CSVT is rare, with high mortality rates between 5 and 30%, and has been associated with several causes and risk factors such as thrombophilia, oral contraceptives, pregnancy, and puerperium. A normal sensitive ELISA D-dimer test very likely will exclude CSVT with an NPV > 99%.

In the last article, Lowe extensively reviews the epidemiological studies on fibrin D-dimer and cardiovascular disease. Activated coagulation and in vivo fibrin formation and lysis play a role in arterial, intracardiac, and VTE. Epidemiological studies have observed an inverse correlation between regular physical activity and D-dimer, significant correlation of D-dimer with blood pressure, and no correlation with cholesterol, triglyceride, apolipoproteins, insulin, homocysteine, hematocrit, white cell count, and platelet count. D-dimer levels correlate with C-reactive protein, fibrinogen, and viscosity. D-dimer levels are higher in patients with stable cardiovascular disease, in persons with previous myocardial infarction, and in patients with unstable angina or myocardial infarction. Following myocardial infarction left ventricular dysfunction, aneurysm, and heart failure may develop, and each of these conditions is associated with increased D-dimer levels. Patients with atrial fibrillation and left atrial thrombus have higher D-dimer levels than patients without complications. The potential use of D-dimers to select high-risk patients with atrial fibrillation for warfarin or aspirin requires further studies. Increased D-dimer levels in persons with atrial fibrillation are associated with risk of stroke and cognitive decline. D-dimer levels are raised in patients with acute stroke with higher levels in cardiovascular or atherothrombotic stroke as compared with lacunar stroke and TIAs. A single D-dimer measurement for stroke severity at admission and a D-dimer level at day 9 will identify a substantial proportion of patients with proximal DVT. The potential use of D-dimer in the selection of stroke patients at high risk of progression and DVT for anticoagulant therapy requires further studies.

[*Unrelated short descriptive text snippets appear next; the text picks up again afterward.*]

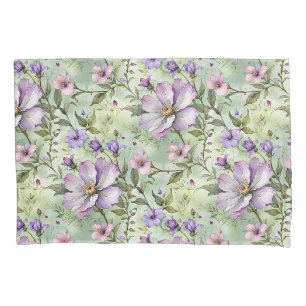 Housse D'oreillers Grandes fleurs de lavande sur la menthe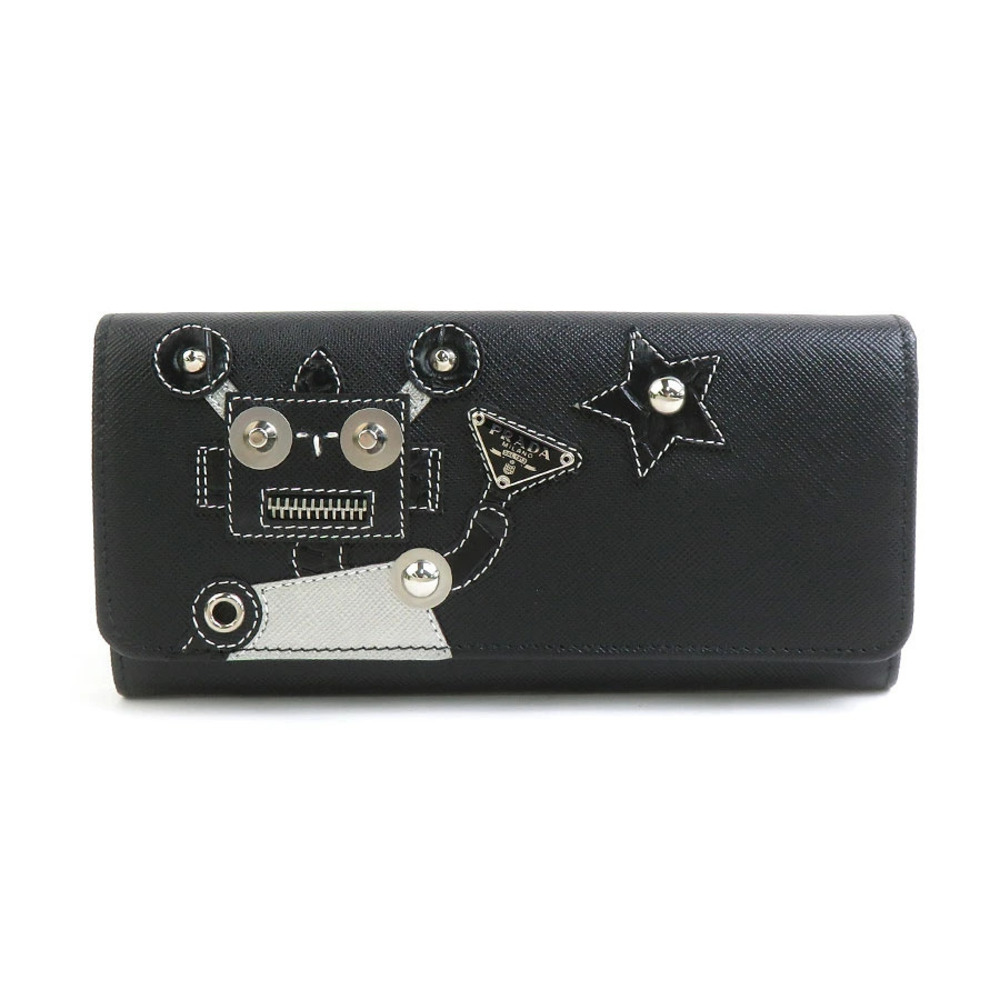 Prada Long Wallet SAFFIANO ROBOT Leather Metal Black Silver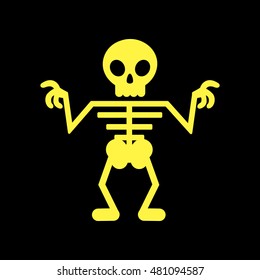 flat icon on background halloween skeleton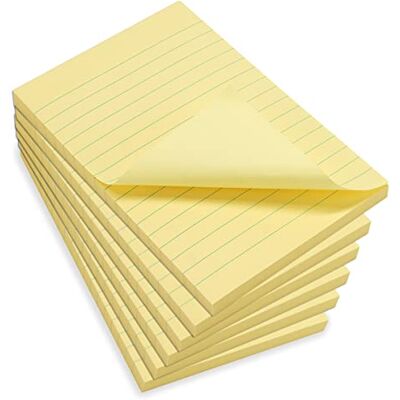 Waytex 931680C6 600 A6 självhäftande anteckningar med linjer set med 6 block med 100 flyttbara självhäftande ark stort format 9,8 x 15 cm pastellgul färg Waytex 931680C6 600 A6 självhäftande anteckningar med linjer set med 6 block med 100 flyttbara självhäftande ark stort format 9,8 x 15 cm pastellgul färg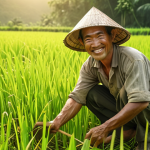 ** "A farmer happily tending to a lush rice paddy, representing the concept of compound interest. Focus on the warm sunlight and the farmer's contented expression."

**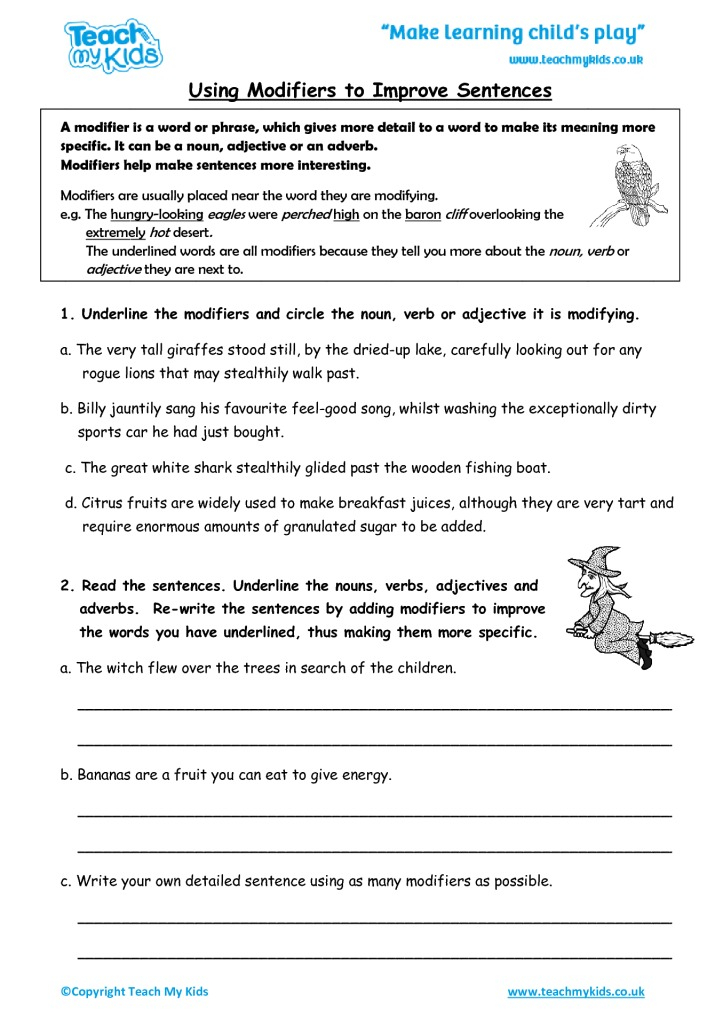 Improving Sentences Worksheet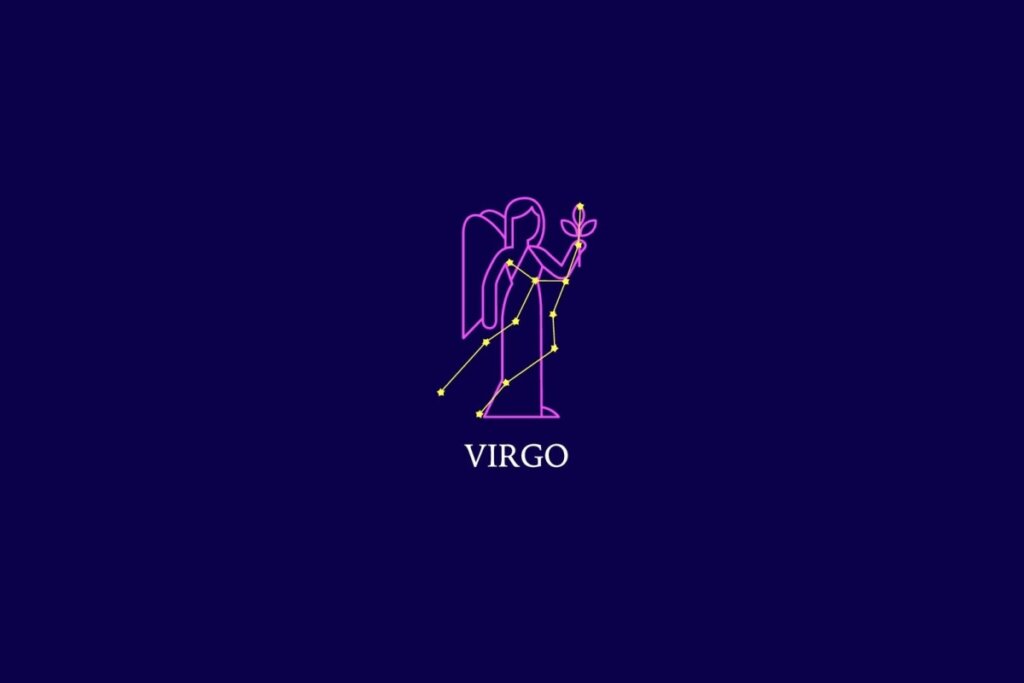 Ilustração do signo de virgem em um fundo azul-escuro 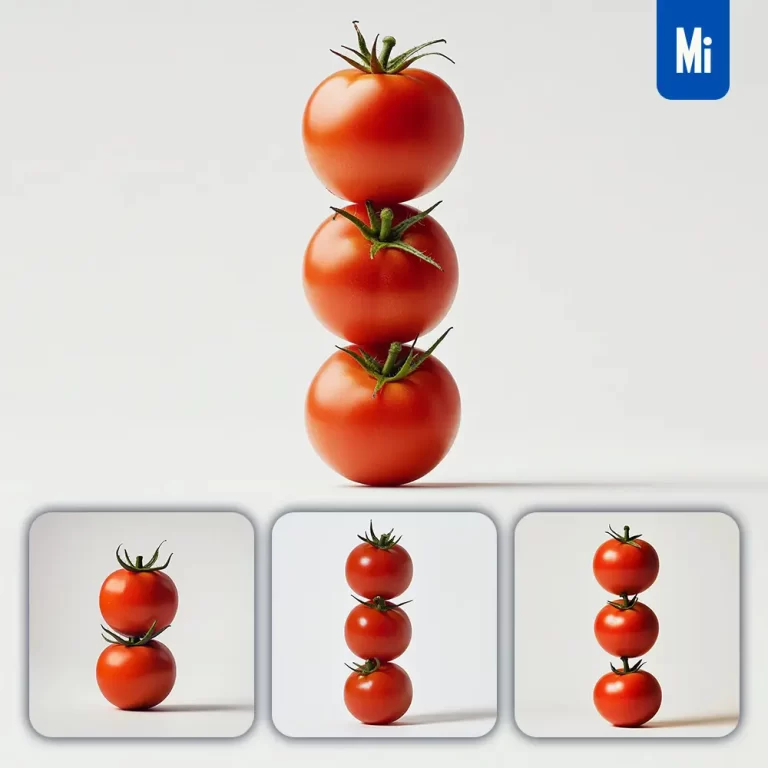 midjourney prompt tomato connected vegetables stack photography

D-dimer levels are elevated in patients with peripheral artery disease and are correlated with clinical and angiographic severity. Higher levels are seen in patients with abdominal aneurysms.

Patients with previous VTE have increased D-dimer levels, when studied at least 6 months after the acute event following discontinuation of anticoagulation. Baseline D-dimer levels are associated with risk of postoperative DVT, but D-dimer was associated with other risk factors for DVT (age, obesity, varicose veins), and therefore D-dimer was not a significant predictor of postoperative DVT after adjustment for these clinical variables.

We sincerely wish to thank all the authors for their valuable contributions and their enthusiasm to critically evaluate the role of D-dimer testing for venous and arterial thrombotic disease. We very much hope that readers will find the content of the articles as informative and useful for implementation in daily clinical practice as we have intended.